Record set section start

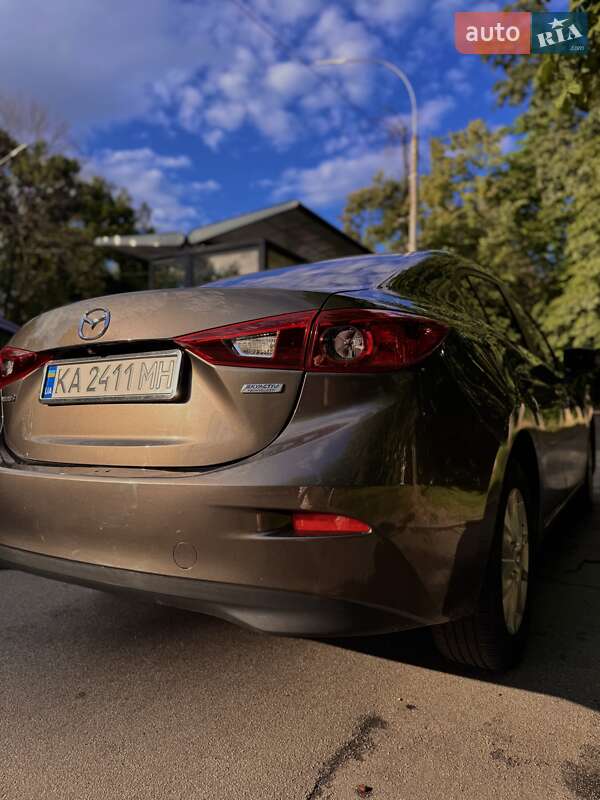 Седан Mazda 3 2016 в Києві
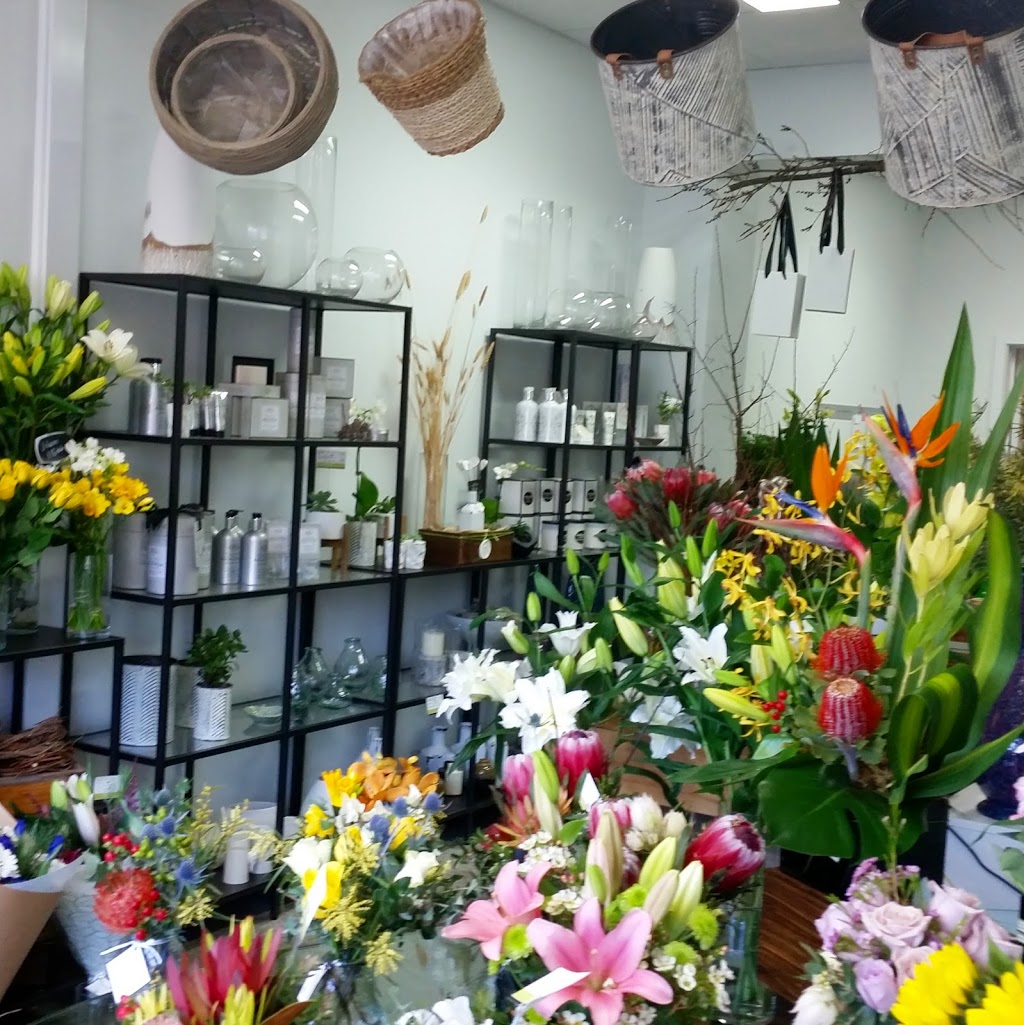 The Flower Mint | florist | 160 Lyttleton Terrace, Bendigo VIC 3550, Australia | 0354426758 OR +61 3 5442 6758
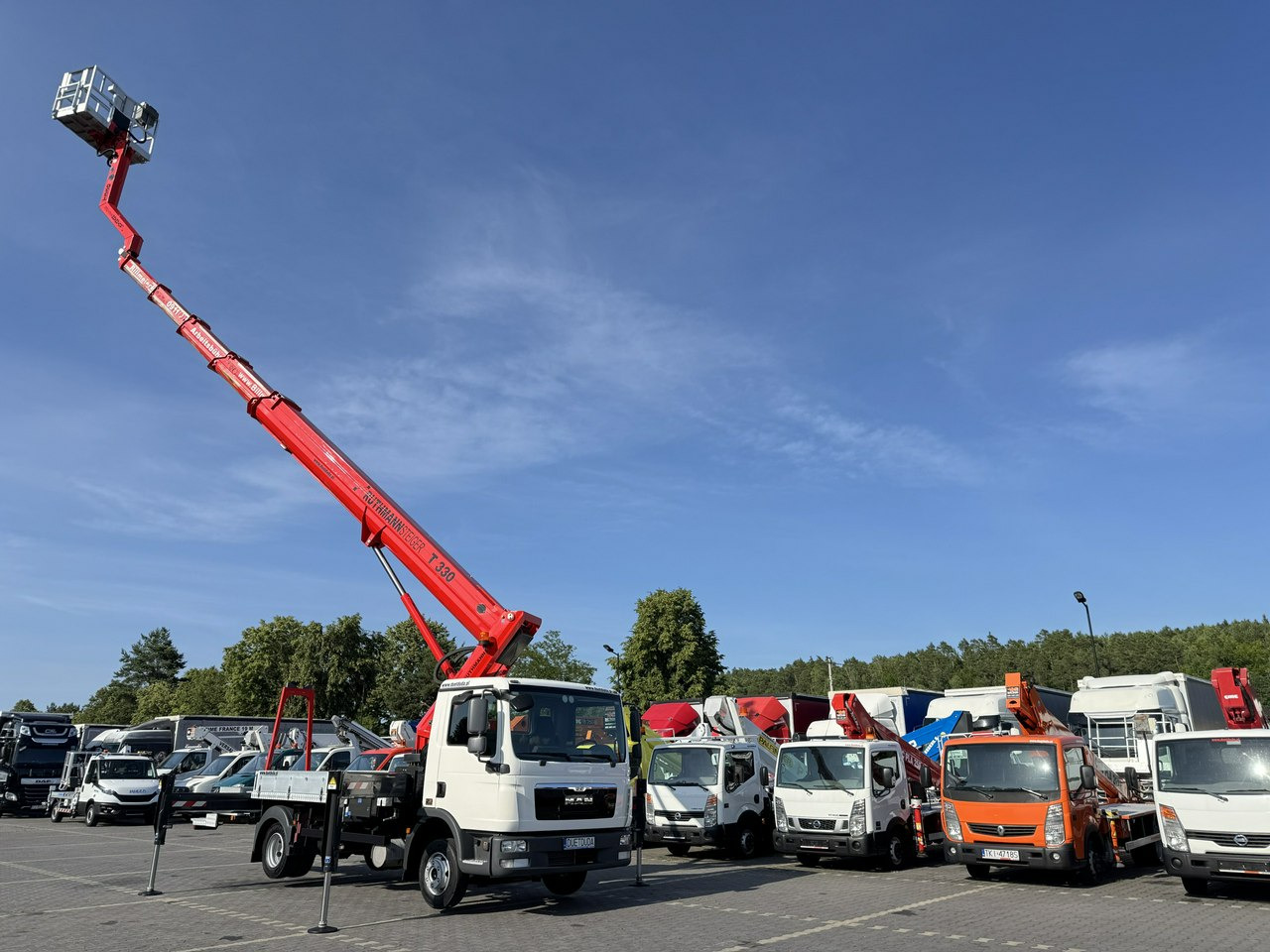 MAN TGL 7.150 Zwyżka Ruthmann T330 33-Metry DMC 7500KG 21m w Bok - Φορτηγό με εναέρια πλατφόρμα: φωτογραφία 5 MAN TGL 7.150 Zwyżka Ruthmann T330 33-Metry DMC 7500KG 21m w Bok - Φορτηγό με εναέρια πλατφόρμα: φωτογραφία 5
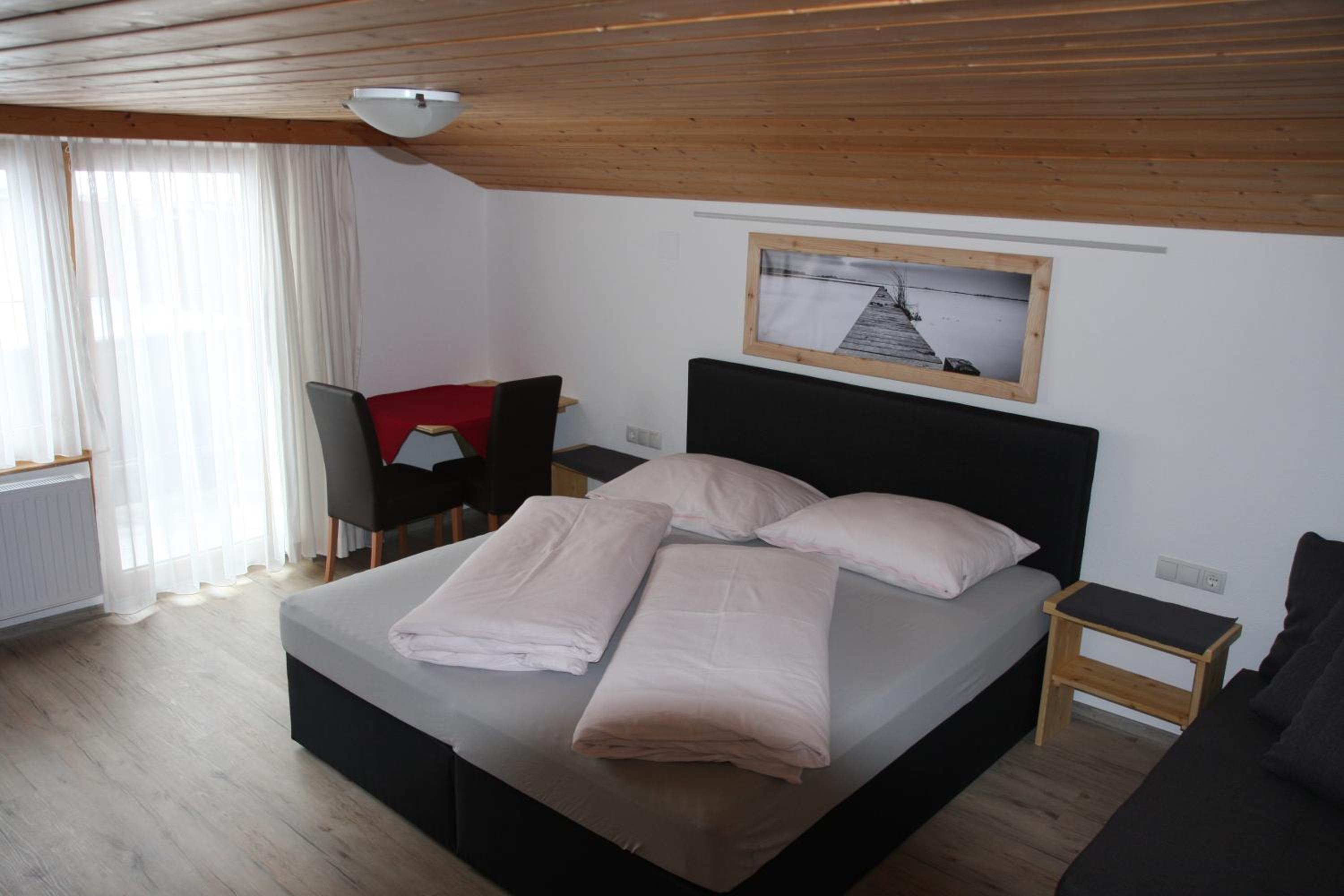 Double Room with Private External Bathroom photo 1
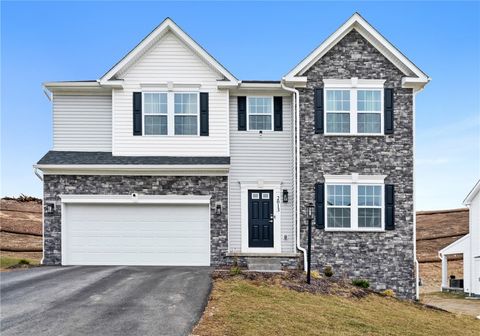 Photo of 2013 Field Stone Dr, Mcdonald, PA 15057 (MLS # 1743373)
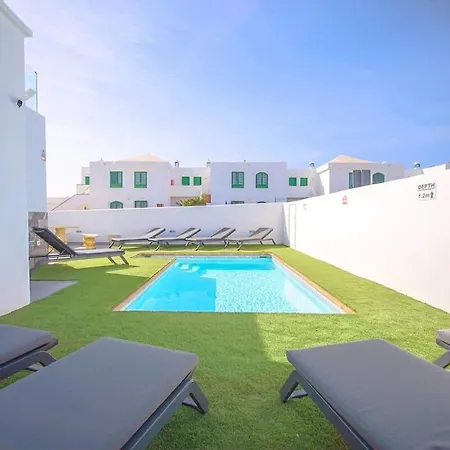 Renata With Private Heated Pool And Hot Tub Villa *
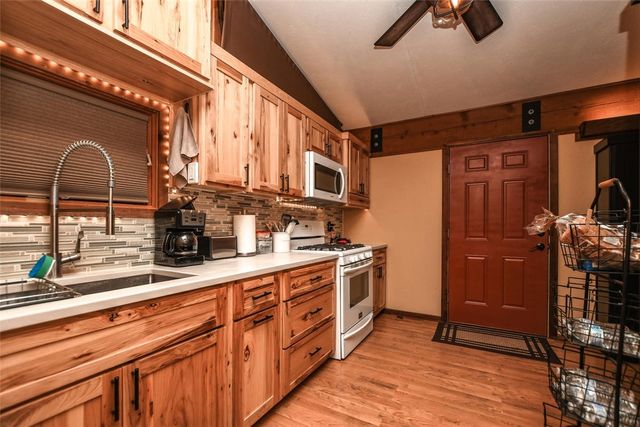 64 Eagle View Circle, Kansas, OK 74347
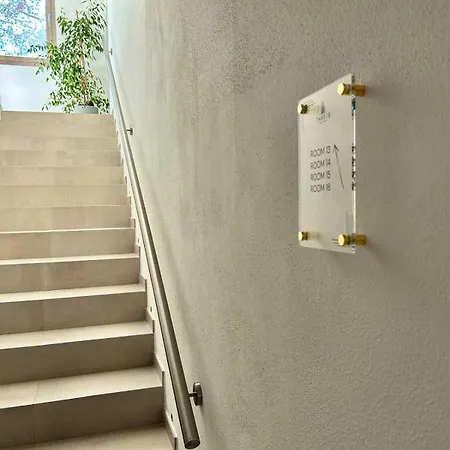Tarsis Guest House-2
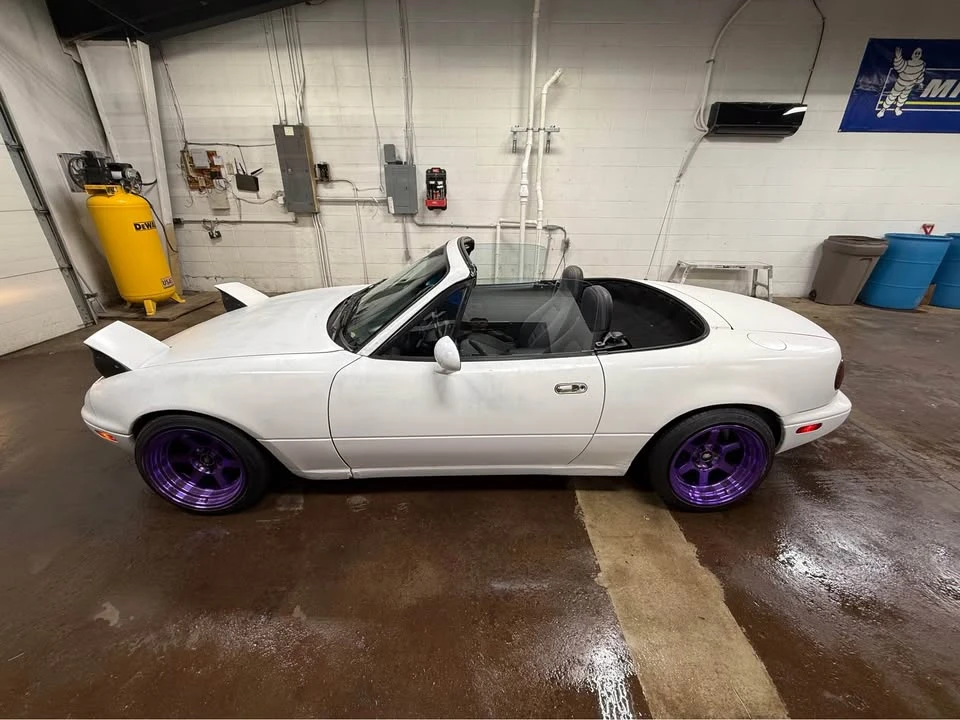 1992 Mazda NA MX-5 Miata - Image 2 of 14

Record set section end

◆ **Brief**: In your output, repeat the listing above exactly and include none of the pictures.

◆ **Completed exercise**:
 Седан Mazda 3 2016 в Києві
 The Flower Mint | florist | 160 Lyttleton Terrace, Bendigo VIC 3550, Australia | 0354426758 OR +61 3 5442 6758
 MAN TGL 7.150 Zwyżka Ruthmann T330 33-Metry DMC 7500KG 21m w Bok - Φορτηγό με εναέρια πλατφόρμα: φωτογραφία 5 MAN TGL 7.150 Zwyżka Ruthmann T330 33-Metry DMC 7500KG 21m w Bok - Φορτηγό με εναέρια πλατφόρμα: φωτογραφία 5
 Double Room with Private External Bathroom photo 1
 Photo of 2013 Field Stone Dr, Mcdonald, PA 15057 (MLS # 1743373)
 Renata With Private Heated Pool And Hot Tub Villa *
 64 Eagle View Circle, Kansas, OK 74347
Tarsis Guest House-2
 1992 Mazda NA MX-5 Miata - Image 2 of 14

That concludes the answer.